ASSIGNMENT
The answer must consist solely of the lines from the one containing "Stock image for" through the last line of the records, set down exactly and without any pictures.

SUPPLIED DATA
-=-=-
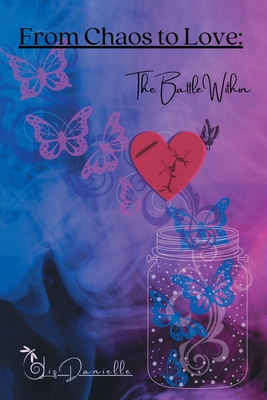 Coperta cărții 'From Chaos to Love: The Battle Within - Liz Danielle'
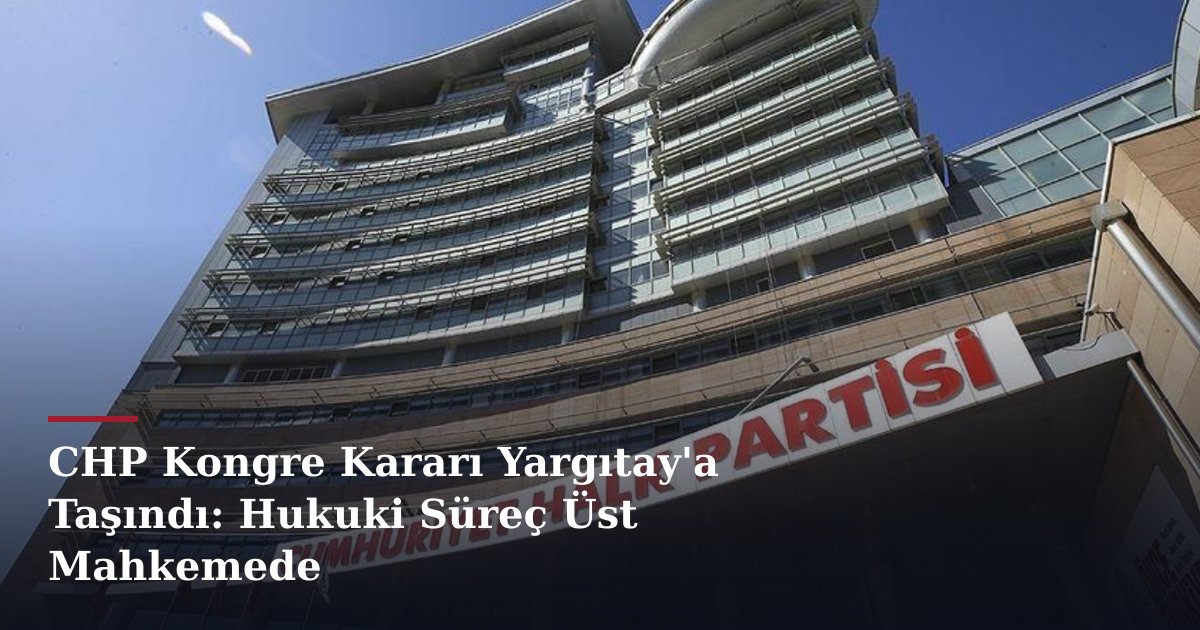 CHP Kongre Kararı Yargıtay'a Taşındı: Hukuki Süreç Üst Mahkemede
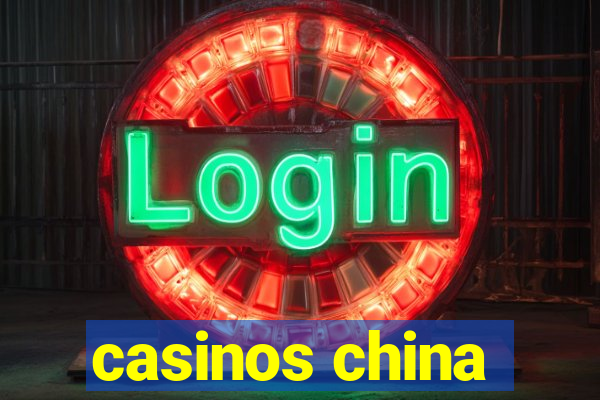 casinos china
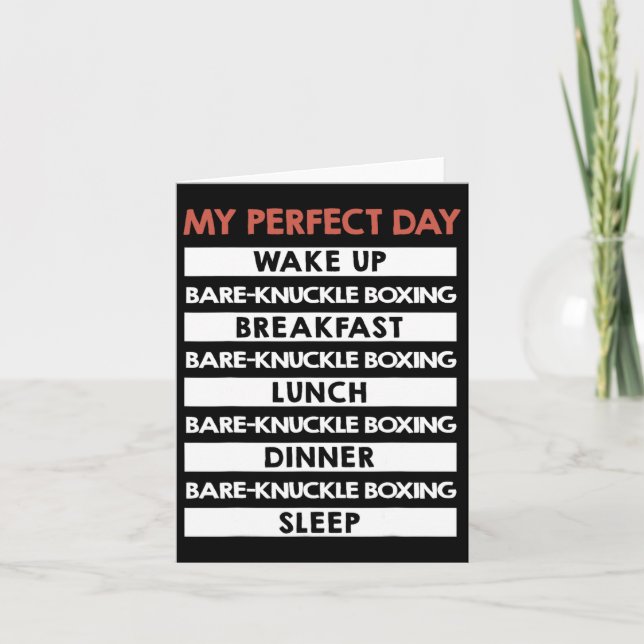 Cartão Bare-knuckle Boxing My Perfect Day (Frente)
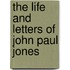 The Life And Letters Of John Paul Jones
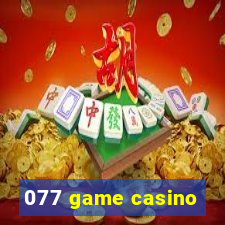 077 game casino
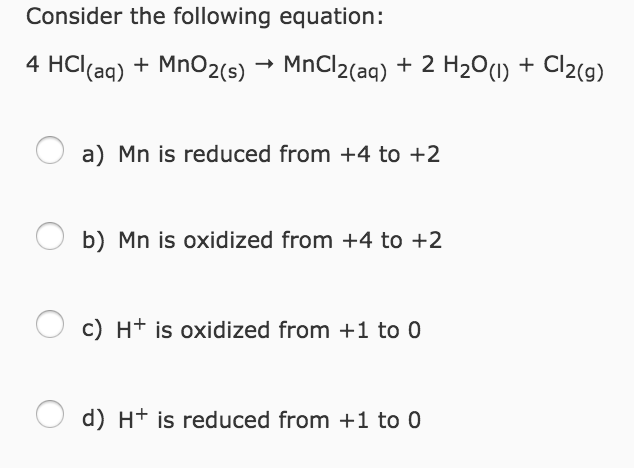 Solved Consider the following equation: 4 HCl(aq) + MnO2(s) | Chegg.com
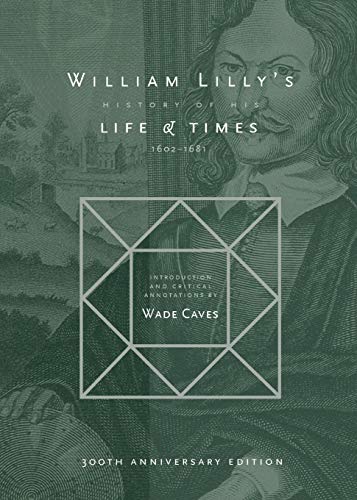 William Lilly's History of his Life and Times: From the Year 1602¿to¿1681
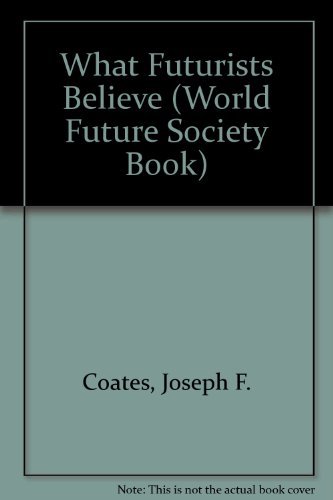 Stock image for What Futurists Believe (World Future Society Book) for sale by SecondSale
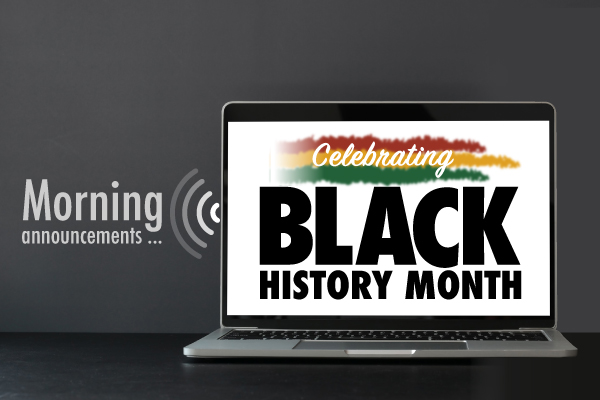 Laptop Screen "Morning announcements celebrate Black History Month"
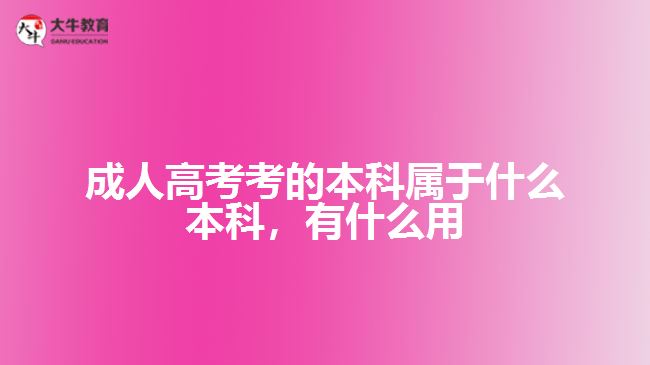 成人高考考的本科屬于什么本科，有什么用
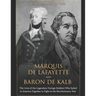 Marquis de Lafayette and Baron de Kalb: The Lives of the Legendary Foreign Soldiers Who Sailed to America Together to Fight in the Revolutionary War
-=-=-
ANSWER BOX
 Stock image for What Futurists Believe (World Future Society Book) for sale by SecondSale
 Laptop Screen "Morning announcements celebrate Black History Month"
 成人高考考的本科屬于什么本科，有什么用
 Marquis de Lafayette and Baron de Kalb: The Lives of the Legendary Foreign Soldiers Who Sailed to America Together to Fight in the Revolutionary War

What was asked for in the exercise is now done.